Caption-style text data

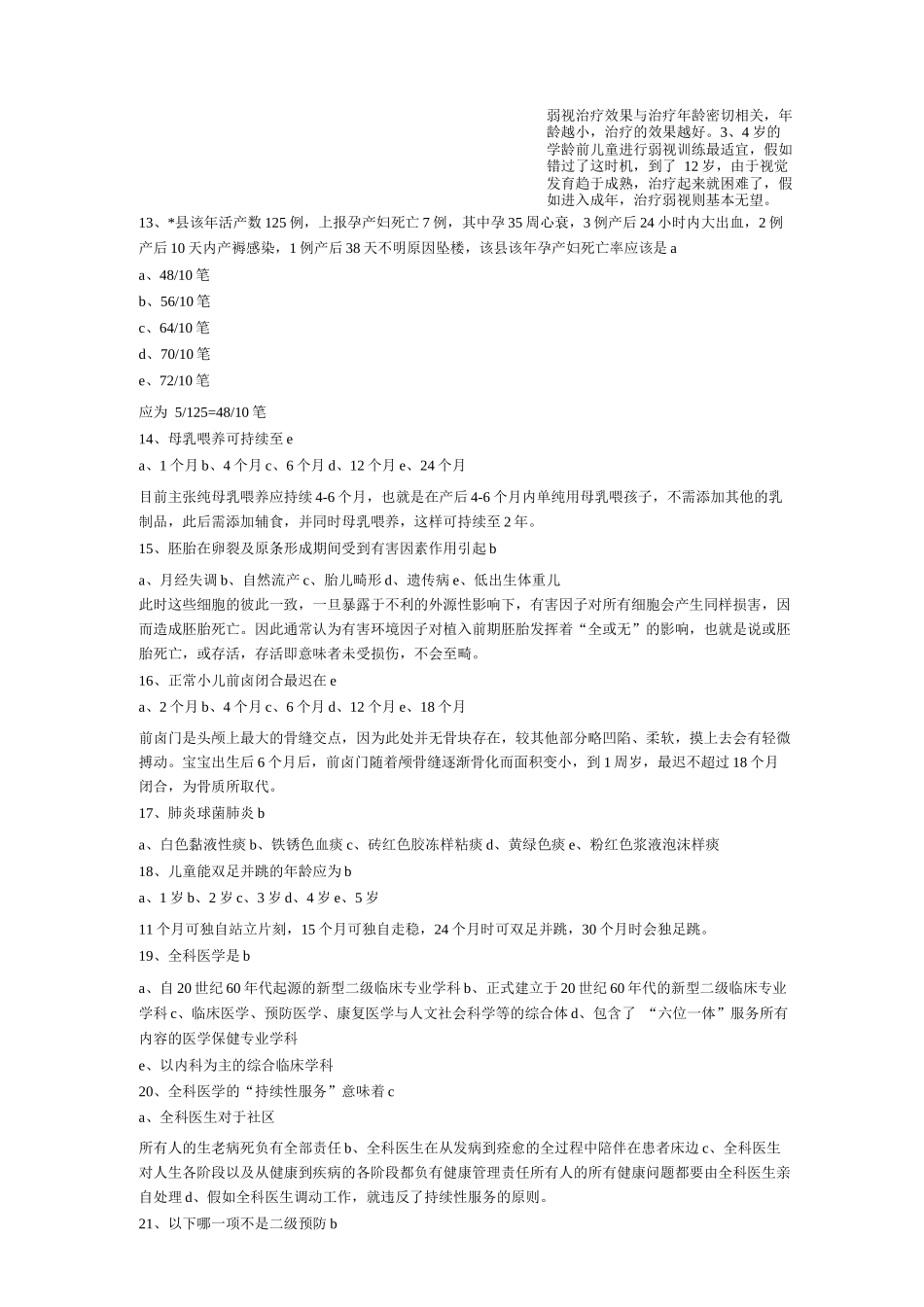 全科主治模拟基础知识_第3页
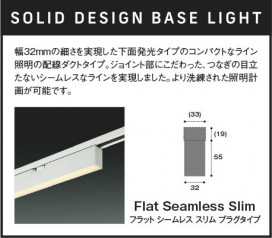 �������� Koizumi �������߾��� LED�١����饤�� AH54695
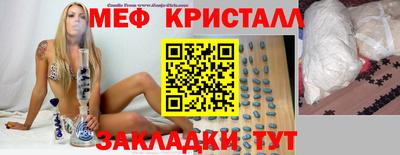 альфа пвп VHQ Дубна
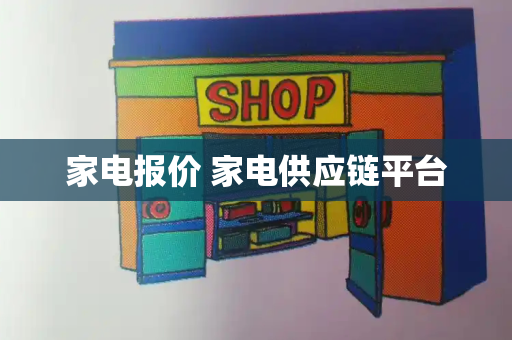 家电报价 家电供应链平台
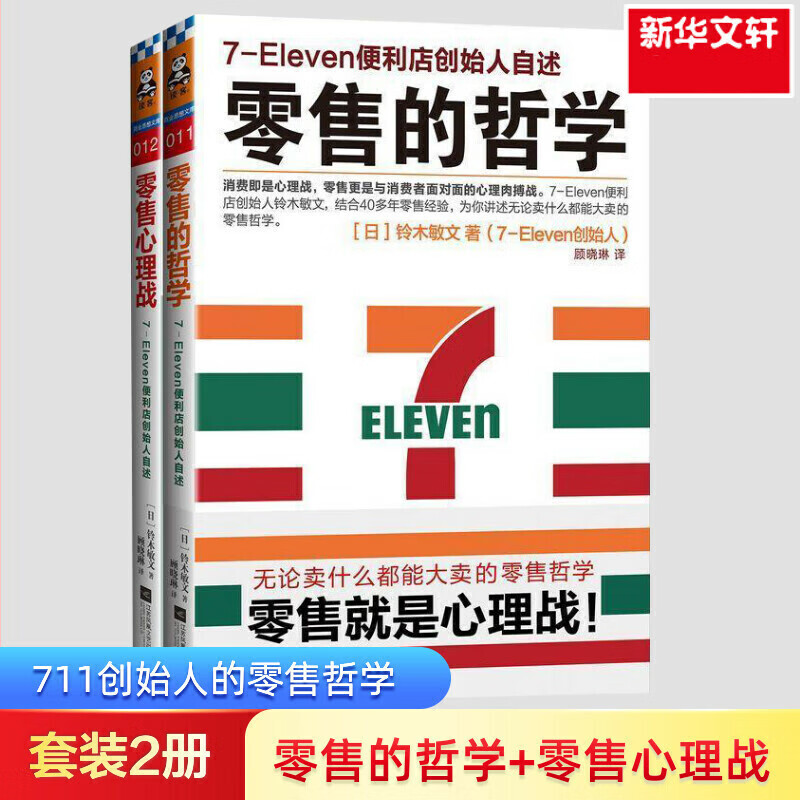 樊登 零售的哲学+零售心理学2册 7-11便利店创始人铃木敏文自述零售本质消费行为学心理学营销管理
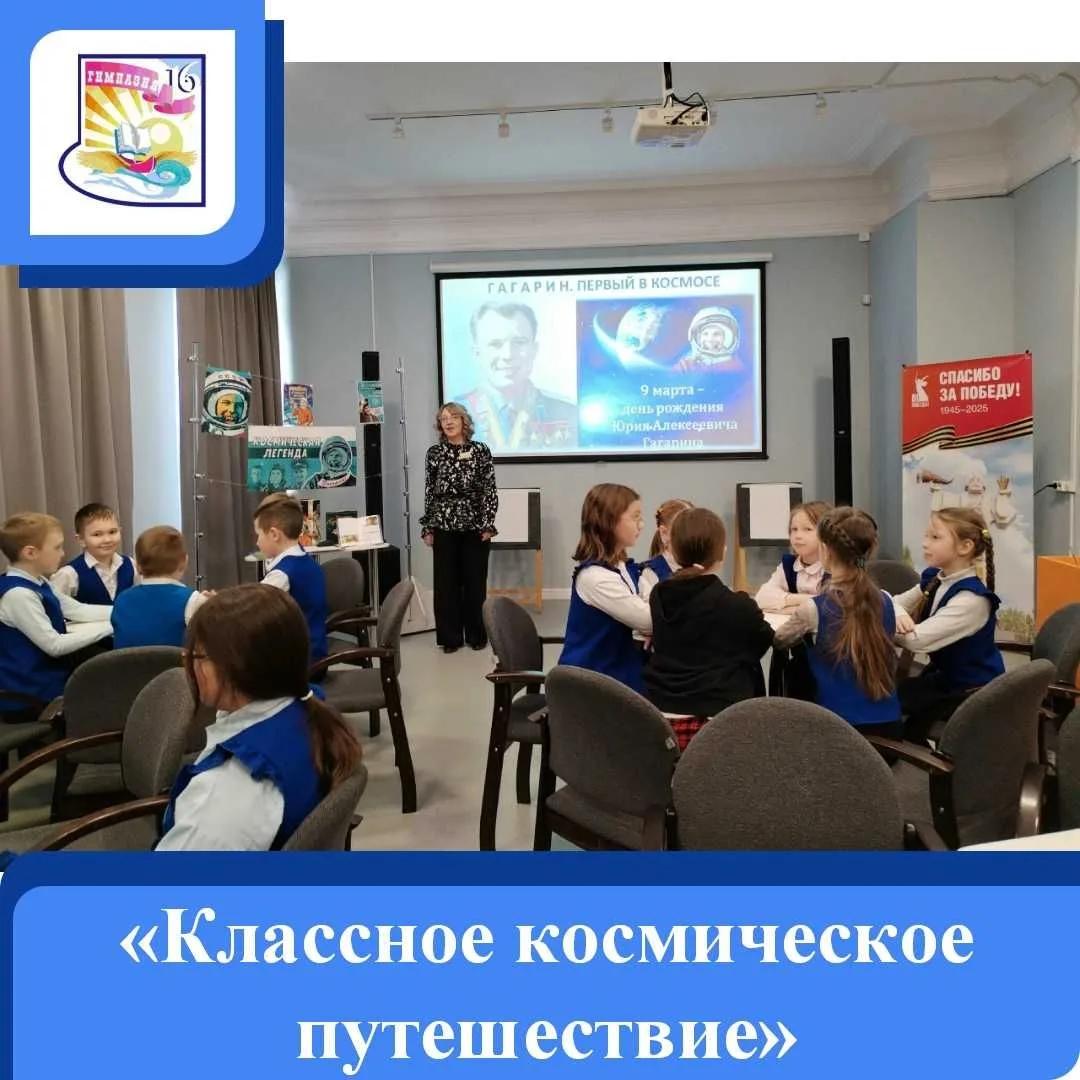 Неделя в гимназии была насыщена спортивными и интеллектуальными мероприятиями, оставив яркий след в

■ Work request ■
Leave out the pictures and copy exactly the lines from the one with "樊登 零售的哲学+零售心理学2册 7-11便利店创始人铃木敏文自述零售本质消费行为学心理学营销管理" through the last line of the records above.

■ Your response ■
 樊登 零售的哲学+零售心理学2册 7-11便利店创始人铃木敏文自述零售本质消费行为学心理学营销管理
 Неделя в гимназии была насыщена спортивными и интеллектуальными мероприятиями, оставив яркий след в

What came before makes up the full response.